## [Exercise directions]
From the first line to the last, restate the data exactly, leaving out the images.

Extracted data entries
===
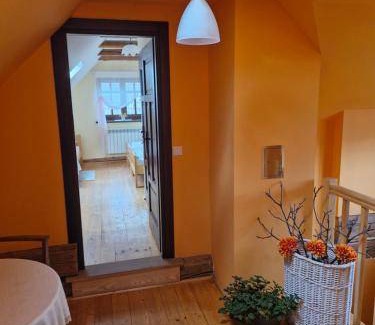 gmina Słopnice House | 100 m² House ∙ 2 bedrooms ∙ 6 guests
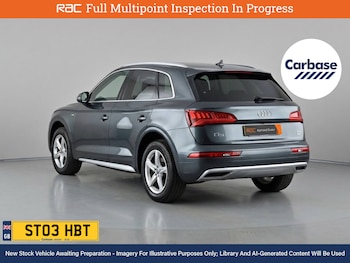 Used Audi Q5 2017 for sale - 78604564: Photo
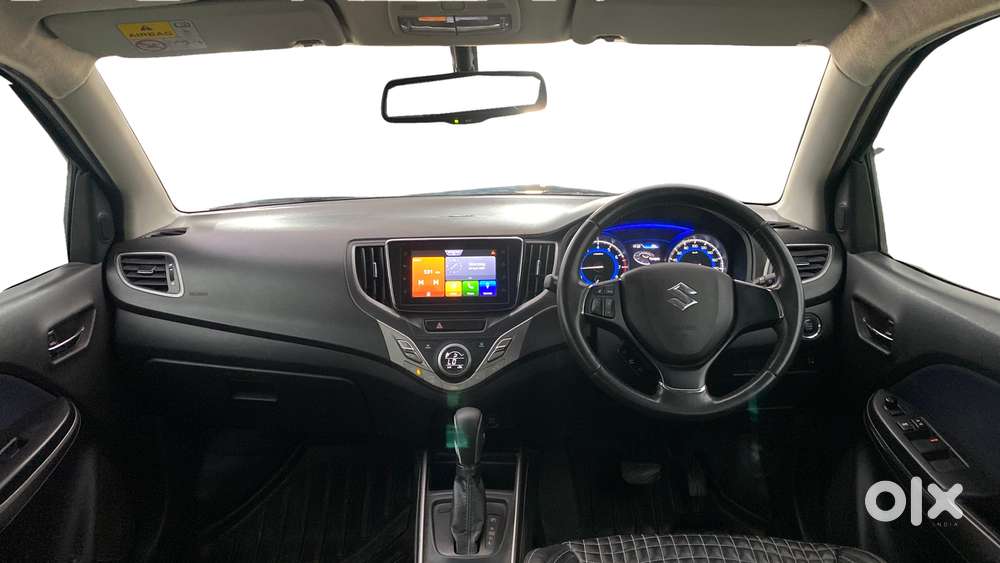 Maruti Suzuki Baleno 1.2 Cvt Alpha, 2019, Petrol
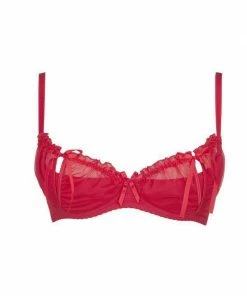 Axami Lingerie Bra V-8741 Plus Size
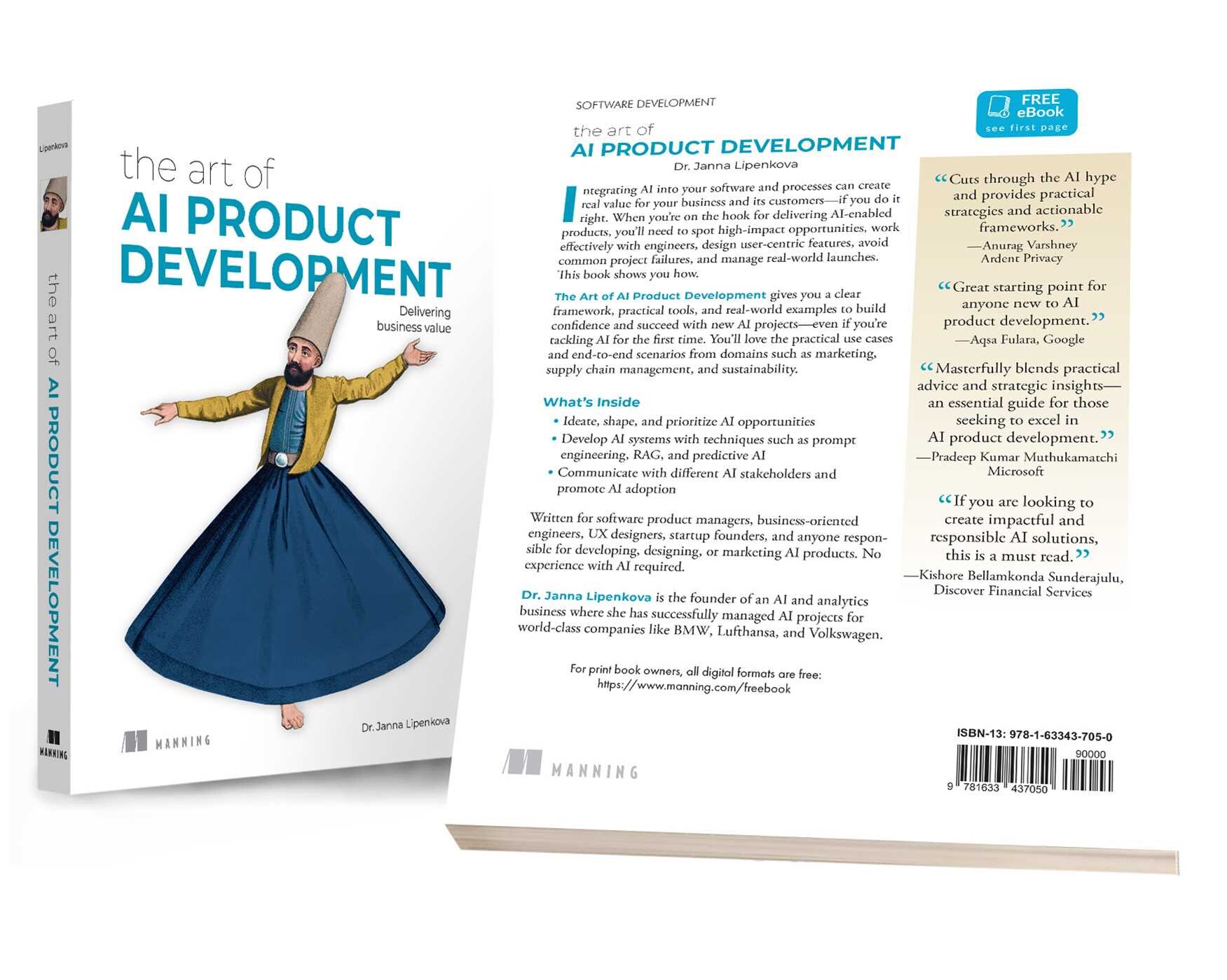 The Art of AI Product Development
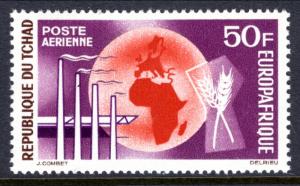 Chad C14 MNH VF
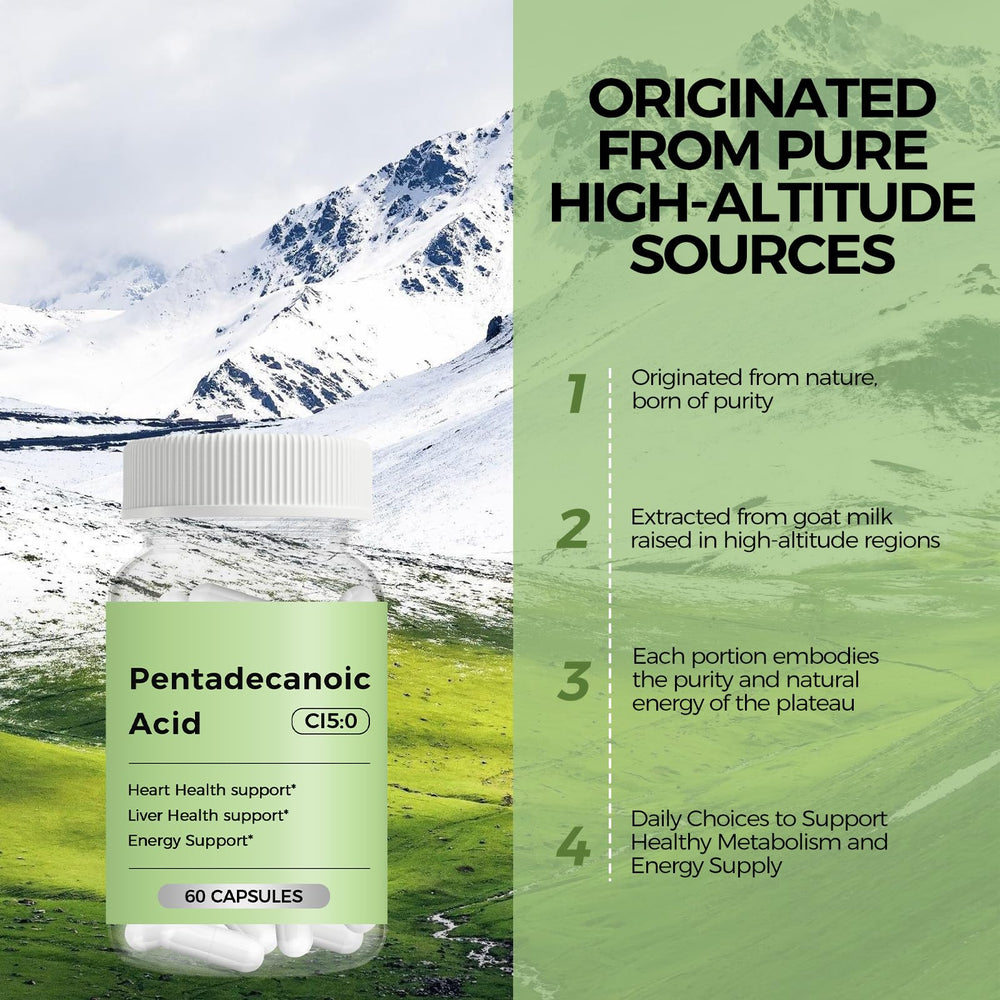 Engtozl bottle on table, easy daily supplement.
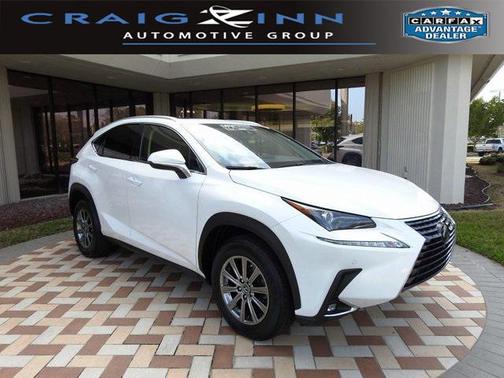 2018 Lexus NX 300 Base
===
## [Problem solution]
 gmina Słopnice House | 100 m² House ∙ 2 bedrooms ∙ 6 guests
 Used Audi Q5 2017 for sale - 78604564: Photo
 Maruti Suzuki Baleno 1.2 Cvt Alpha, 2019, Petrol
 Axami Lingerie Bra V-8741 Plus Size
 The Art of AI Product Development
 Chad C14 MNH VF
 Engtozl bottle on table, easy daily supplement.
 2018 Lexus NX 300 Base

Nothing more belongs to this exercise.